La figura femminile nei periodici satirici e umoristici lombardi durante il fascismo

La documentazione iconografica che viene presentata è la sintesi di una ricerca che prosegue uno studio svolto nel 1999 sulla figura femminile attraverso i periodici satirico-umoristici editi dall'unità d'Italia alla prima guerra mondiale.
Questa seconda indagine è stata effettuata esaminando circa 20 periodici in prevalenza milanesi e lombardi, tra cui i più rappresentativi «Guerin Meschino», «L'Asino», «Bertoldo», «Ecco Settebello»; inoltre il «420» di Firenze; ed «il Travaso delle idee», «Il Becco giallo», «Marc'Aurelio» editi a Roma, ricostruendo così un iter panoramico della satira che tra gli anni Venti e la seconda guerra mondiale ebbe come oggetto la figura femminile.
Dallo spoglio delle riviste, tra cui anche testate minori come «Barbapedana», «Lo Specchio», «Il Corriere della Serva», sono state selezionate circa 80 vignette, molte di queste firmate Boccasile, Angiolini, Manca, Attalo, Buriko, Galantara. Accanto a questa rassegna che testimonia i canoni classici dell'umorismo, è stata esaminata anche la rivista di Mino Maccari, «Il Selvaggio», voce importante dell'editoria culturale che, attraverso la satira politica, descrive la sua epoca con raffinata arguzia.

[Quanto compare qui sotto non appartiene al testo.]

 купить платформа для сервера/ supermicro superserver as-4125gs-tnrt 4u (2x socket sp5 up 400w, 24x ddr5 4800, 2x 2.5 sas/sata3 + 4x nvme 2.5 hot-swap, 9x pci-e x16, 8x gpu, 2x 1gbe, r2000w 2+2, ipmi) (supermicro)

La ricerca pone in evidenza come dallo spirito bonario e ammiccante di fine Ottocento si passa ad un'ironia sempre più acre nel Novecento, soprattutto in quei primi anni che furono fondamentali per l'emancipazione femminile. A partire dal secondo Ottocento emerge la caricatura della donna virtuosa voluta dalla cultura di quegli anni che sembra
Minorare la portata innovativa della rivoluzione industriale: uno scenario apparentemente incantato che viene infranto poi nei primissimi anni del Novecento dalle spinte rivendicative delle suffragiste e dalla consapevolezza che deriva alle donne dal ruolo da esse svolto durante la prima guerra mondiale.

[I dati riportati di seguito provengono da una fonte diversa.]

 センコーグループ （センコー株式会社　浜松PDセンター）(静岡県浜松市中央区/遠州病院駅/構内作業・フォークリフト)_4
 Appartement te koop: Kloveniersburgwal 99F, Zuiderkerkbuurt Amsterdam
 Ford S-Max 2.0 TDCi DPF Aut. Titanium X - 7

Si delinea la "donna nuova" intraprendente, vitale, dileggiata allo stesso modo in cui la satira del primo Novecento irride "l'emancipata". Dall'iconografia traspare un implicito messaggio morale che propone il modello subalterno voluto dal regime (massaia e fattrice) ma, nello stesso tempo, emerge la resistenza della donna ad aderire all'immagine femminile funzionale all'ideologia fascista. La cultura commerciale che pervade gli organi di stampa, la radio, il cinema, fa breccia sul costume delle italiane, soprattutto delle cittadine, determinandone gli stili di vita. La donna che sorride dalle pagine di «Ecco Settebello», «Bertoldo», «Marc'Aurelio» appare smaliziata, moderna, velatamente opportunista; la sua identità sociale non è definita unicamente dal nucleo familiare che la circonda, ma dal tipo di lavoro che svolge.

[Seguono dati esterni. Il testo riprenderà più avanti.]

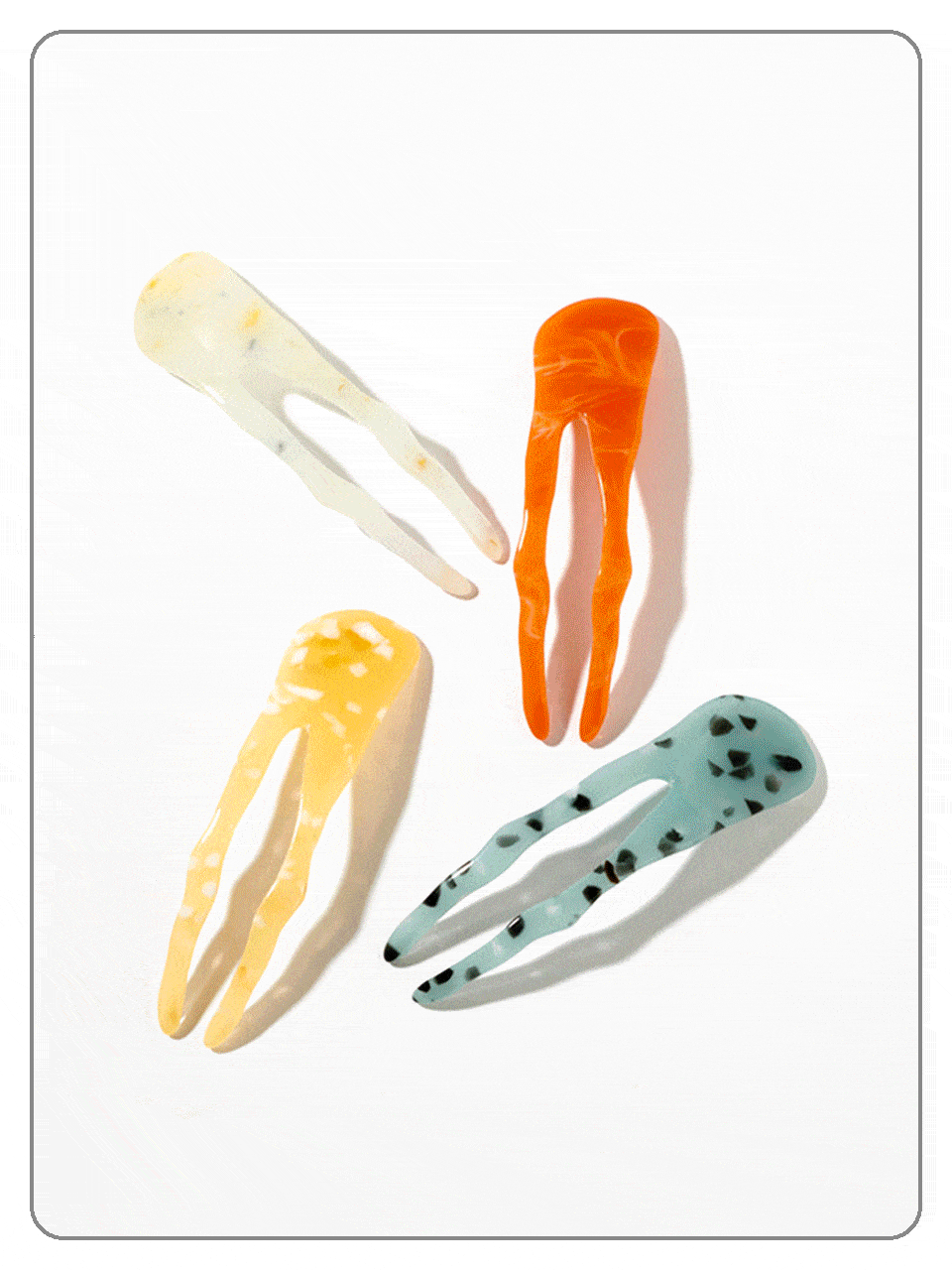 夏 小物 ヘアアクセサリー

Un sentito ringraziamento va a coloro che hanno contribuito alla realizzazione di questo volume: in particolare all'associazione «Il Salotto Verde» e a Paolo Ricca il quale, nel proseguire la sua attività culturale, ha voluto soffermarsi su questa peculiare documentazione storica, esprimendo ancora una volta, con la generosità che lo distingue, una rara sensibilità per il recupero della memoria passata.